Der Ungar hatte zuvor mehrfach die Sinnhaftigkeit der Pläne infrage gestellt und in diesem Zusammenhang auch darauf verwiesen, dass die EU aus seiner Sicht zu Unrecht für sein Land vorgesehene Gelder aus dem Gemeinschaftshaushalt eingefroren hat.

Viktor Orban stellt Bedingungen für die ungarische Zustimmung

Vor dem Gipfel sagte Orban nun in einem Interview des französischen Magazins "Le Point", Ungarn sei bereit, Teil einer Lösung zu sein. Voraussetzung sei allerdings, dass man jedes Jahr neu darüber entscheide, ob man weiter Geld schicken wolle oder nicht. Andere Mitgliedstaaten wie Deutschland lehnen dies jedoch ab. Ein Grund ist, dass sie der Ukraine langfristig Unterstützung zusichern wollen. Zudem geht es auch darum, Ungarn Erpressungsmöglichkeiten zu nehmen. So werfen EU-Diplomaten Orban vor, er versuche, mithilfe einer Veto-Politik die wegen Rechtsstaatsbedenken eingefrorenen EU-Gelder freizupressen.

Orban weist dies zurück. Er verweist dabei auch auf die im Juni anstehenden Europawahlen. Jetzt für die Ukraine 50 Milliarden Euro für den Zeitraum bis Ende 2027 fest zuzusagen, könnte den Bürgern seiner Meinung nach den Eindruck vermitteln, dass ihre Stimme keine Rolle spiele.

Nach Angaben von EU-Diplomaten und -Beamten wollen sie Orban deshalb eine "Notbremse" vorschlagen. Damit könnte dieser jährliche Aussprachen über die Hilfen erwirken.
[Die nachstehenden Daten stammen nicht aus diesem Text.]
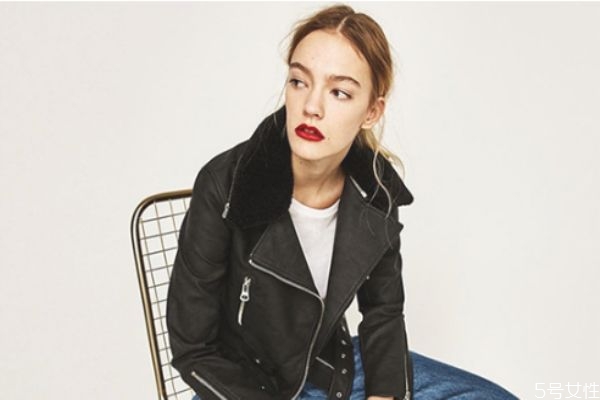 羊羔毛結(jié)塊了怎么辦 羊羔毛外套掉毛嚴重怎么辦 羊羔毛結(jié)塊了怎么辦 羊羔毛外套掉毛嚴重怎么辦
EU könnte Ungarn das Stimmrecht entziehen

Sollte bei den Gesprächen mit Orban keine Lösung gefunden werden, wollen die anderen EU-Staaten im 26er-Kreis – also ohne Ungarn – handeln. Zugleich gilt es als wahrscheinlich, dass es dann Diskussionen über mögliche Schritte zum Entzug von Ungarns Stimmrecht bei EU-Entscheidungen geben würde. Das dafür notwendige Artikel-7-Verfahren wegen mutmaßlicher Rechtsstaatsdefizite läuft bereits seit Jahren. Es wurde allerdings bislang nicht engagiert vorangetrieben – unter anderem in der Hoffnung auf ein Einlenken Orbans in Streitfragen.

Bei dem Gipfel will sich der ukrainische Präsident Wolodymyr Selenskyj per Videoschalte an die Gipfelteilnehmer richten, wie es aus Brüssel hieß. Weitere Themen des EU-Sondergipfels werden der Nahost-Konflikt und die EU-Militärhilfen für die Ukraine sein. Zu den Militärhilfen hatte jüngst Bundeskanzler Olaf Scholz (SPD) eine Debatte angeregt. Er kritisiert, dass andere große EU-Länder für das laufende Jahr deutlich weniger Geld für Waffen- und Munitionslieferungen eingeplant hätten als Deutschland. Dies gefährdet seiner Meinung nach das Durchhaltevermögen der Ukraine im Abwehrkrieg gegen Russland.